Megadeth proporcionaba la partitura invisible: "Brother will kill brother, spilling blood across the land / Killing for religion, something I don't understand".

Gianni Infantino, jerarca máximo de la FIFA, mantiene un silencio sepulcral. 

La pregunta resulta tan obvia como incómoda: ¿permitirá el organismo futbolístico la celebración del certamen mundialista en suelo americano mientras el país anfitrión bombardea infraestructura civil en otro continente? 

El Council on Foreign Relations ya documenta el desastre: 176,000 entradas sin vender en la fase de grupos, según el Financial Times. 

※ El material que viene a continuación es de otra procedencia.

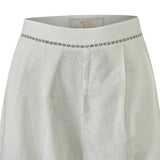 Short Lino Orgánico Mujer Andes Blanco Rockford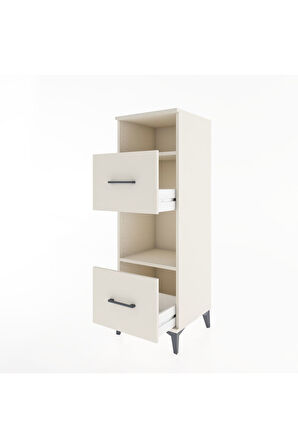 Hyperion Dolap 2 Raflı 2 Çekmeceli 44x44x134 Aytaşı-Aytaşı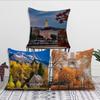 AAutumn in France cushion cover For Pillow Printing Sofa Decoration Home Car Room Coffee Shop Office Nordic Simplicity
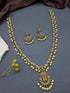 Premium Gold Plated Laxmi Jewellery Set with CZ And pearls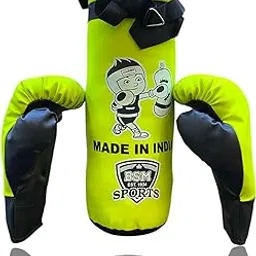 Kids Boxing Kit with Gloves & Punching Bag | Junior Boxing Set for Training, Fitness & Fun | Indoor & Outdoor Punching Bag Set for Kids_2-picture-18
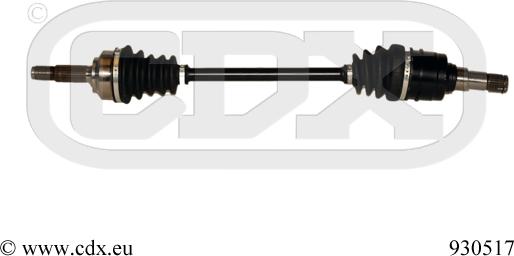 CDX 930517 - Приводной вал autospares.lv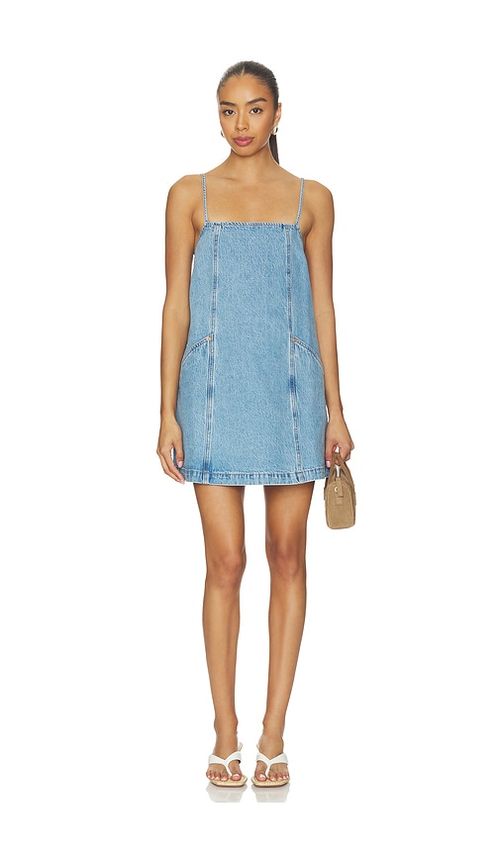 Rolla's vestido deco en color denim-medium S también en XS, M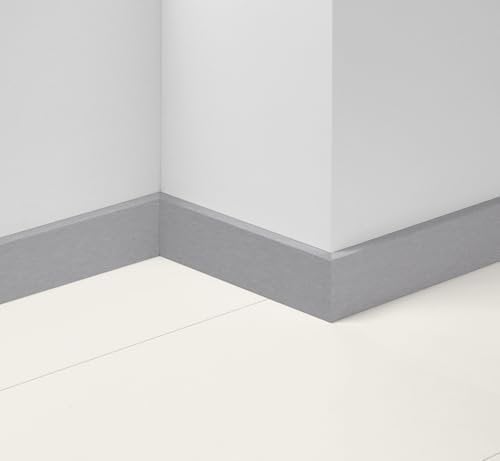 Parador Dekor-Sockelleiste SL 18 Edelstahloptik Länge 2.20m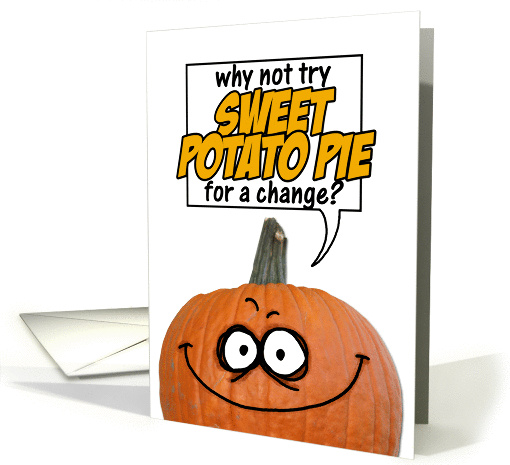thanksgiving - pumpkin humor card (273269)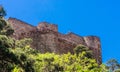 Fragment of walls of the Narikala fortress in Tbilisi, Georgia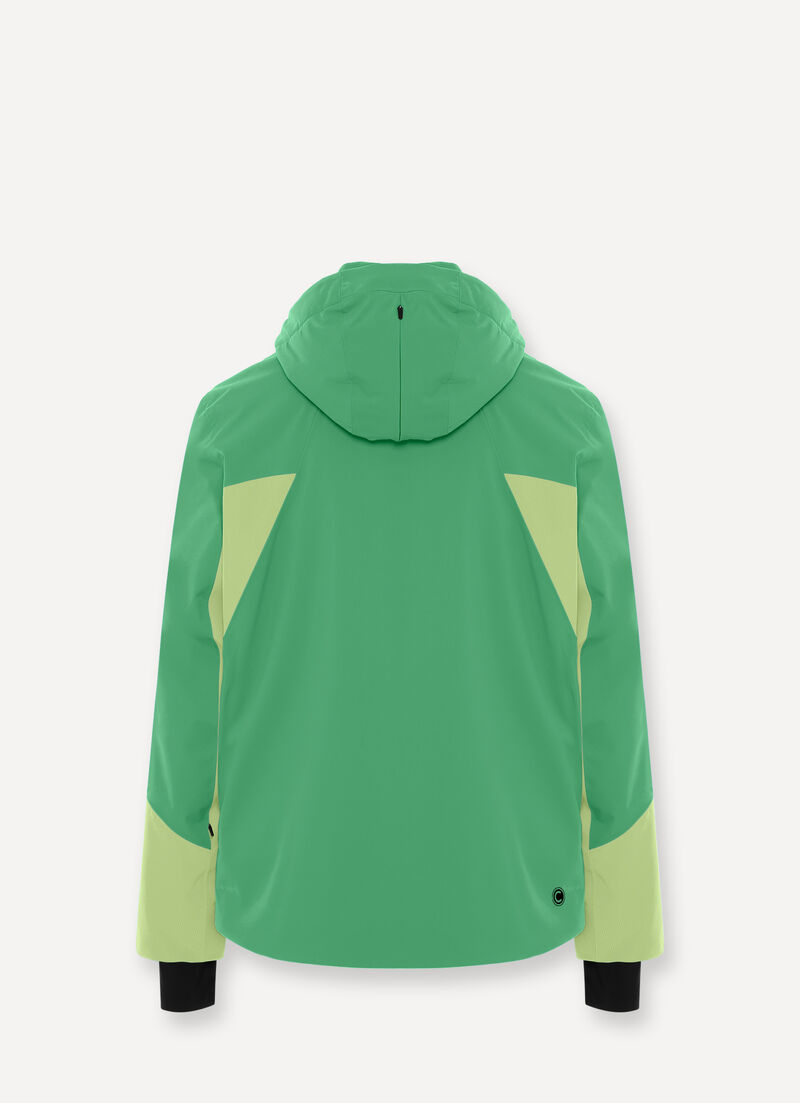 Ski jacket with ventilation zip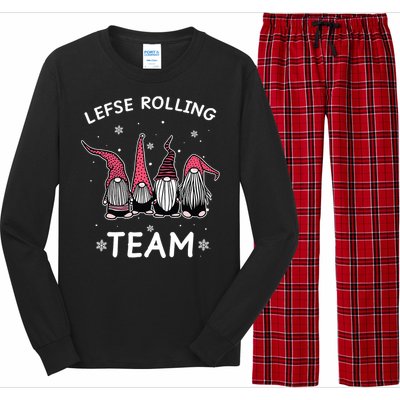 Lefse Rolling Team God Jul Gnome Gifts Christmas Pajama Long Sleeve Pajama Set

El 80% de los hoteles en las once ciudades sede reportan reservas por debajo de las previsiones, según la American Hotel and Lodging Association. 

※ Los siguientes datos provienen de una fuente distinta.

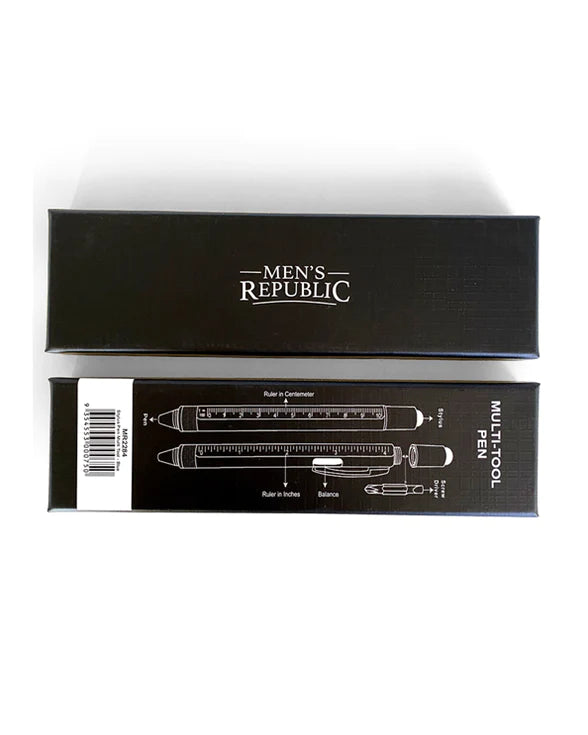 Men's Republic Stylus Pen Pocket Multi Tool 9-in-1 functions - Yellow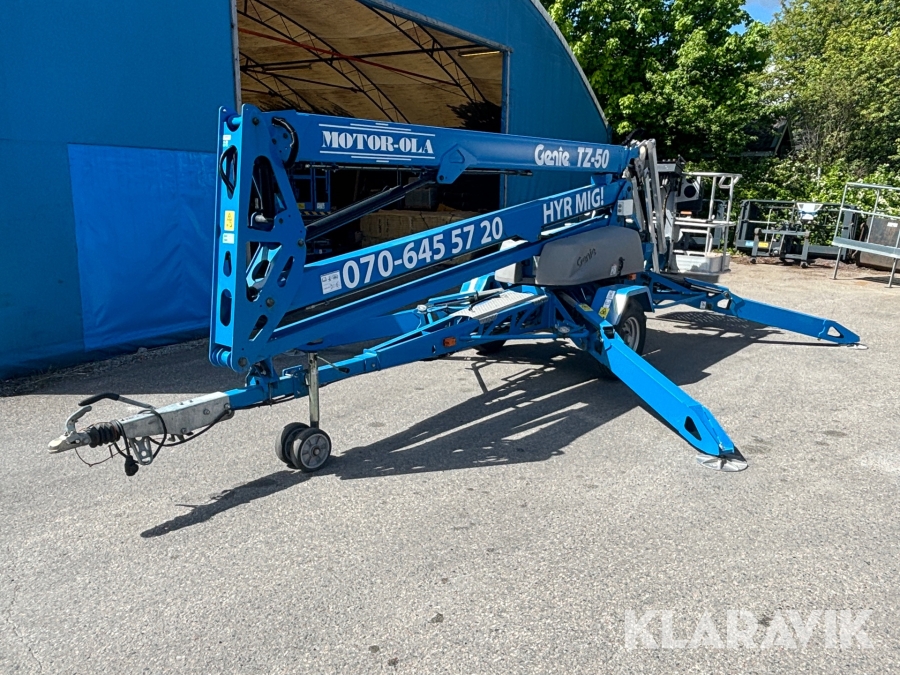 Släpvagnslift Genie TZ-50 hybrid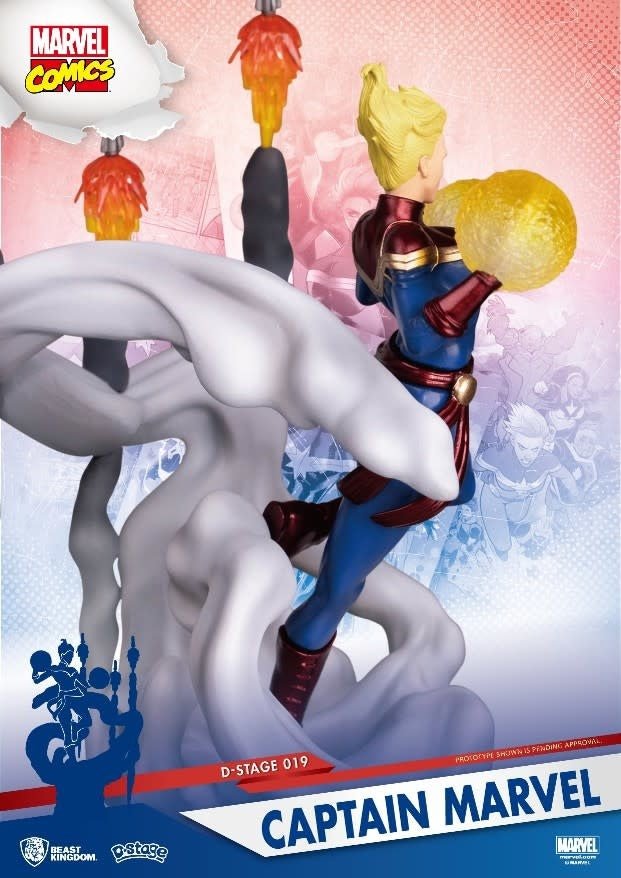 Marvel: D - Stage - Captain Marvel PVC Diorama - Fans Geek Store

La AHLA describió el Mundial como un "no-evento", resulta difícil vender la fiesta del fútbol cuando el vendedor lleva puesto un chaleco antibalas.

El índice de confianza turística hacia Estados Unidos cae en picada libre, CNN documenta la peor caída de turismo internacional desde la recesión de 2008: un descenso del 5.5%, equivalente a $8 mil millones en ingresos evaporados. 

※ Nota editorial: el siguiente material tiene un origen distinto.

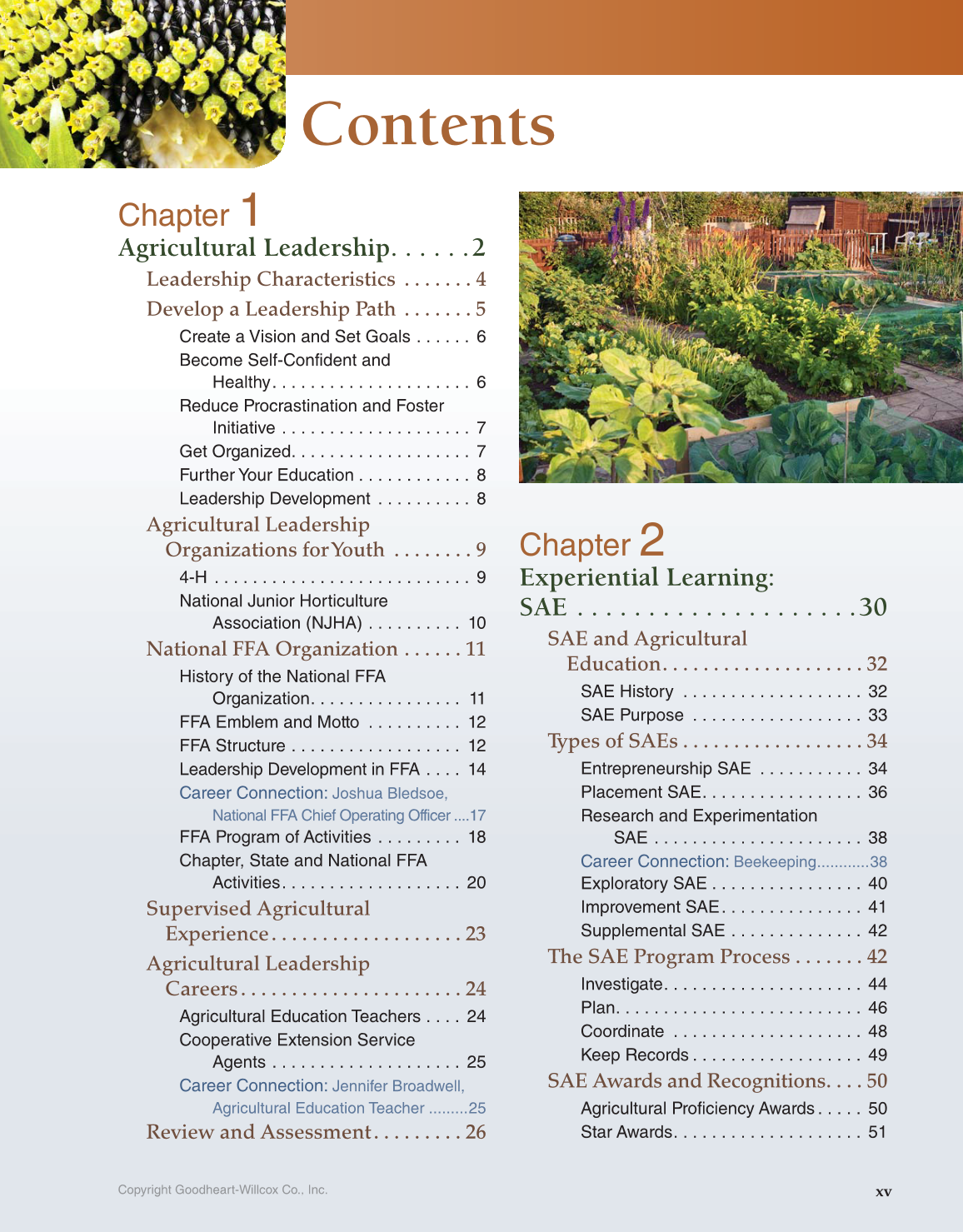 Horticulture Today, 1st Edition page xv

Forbes añade la cifra complementaria: el gasto turístico internacional proyectado desciende casi un 7% interanual, de $181 mil millones a $169 mil millones. 

Nadie desea vacacionar bajo la sombra de represalias balísticas, los canadienses, los alemanes, los ghaneses todos expresan la misma reserva. 

El Fan Fest, concebido como oasis de alegría multicultural, parece hoy un búnker de propaganda revestido de césped sintético y pantallas LED. 

Slayer golpea desde los altavoces del subconsciente: "Propaganda death ensemble / Burial to be / Corpses rotting through the night".

La feria del absurdo no se limita al Golfo Pérsico. 

Trump asistió a la cumbre de la OTAN en Ankara con arrogancia renovada y un repertorio de insultos actualizados. 

El EUobserver recoge cinco citas memorables del mandatario, entre ellas la dedicada a España: "Spain is a wasted cause" España es una causa perdida. 

El gobierno de Pedro Sánchez, único país de la OTAN en negarse a comprometer el 5% del PIB en defensa para 2035, además prohibió los sobrevuelos de aeronaves estadounidenses involucradas en los ataques a Irán. 

Trump respondió con la sutileza habitual: amenazó con "cortar todo comercio" con los españoles. 

WION News y Euronews difundieron la amenaza en directo. 

La ironía resulta exquisita: España, una de las selecciones aún vigentes en la competencia mundialista, recibe insultos del presidente del país anfitrión. 

Resulta legítimo preguntar: ¿con cuántas naciones más peleará Trump antes del pitazo inicial?

Los objetivos militares se multiplican. 

El WSJ detalla la vulnerabilidad de las refinerías iraníes y los centros logísticos en el Estrecho de Ormuz. 

Irán respondió atacando bases estadounidenses en Bahréin y Kuwait; la BBC confirma daños en al menos 20 instalaciones militares norteamericanas desde el inicio del conflicto.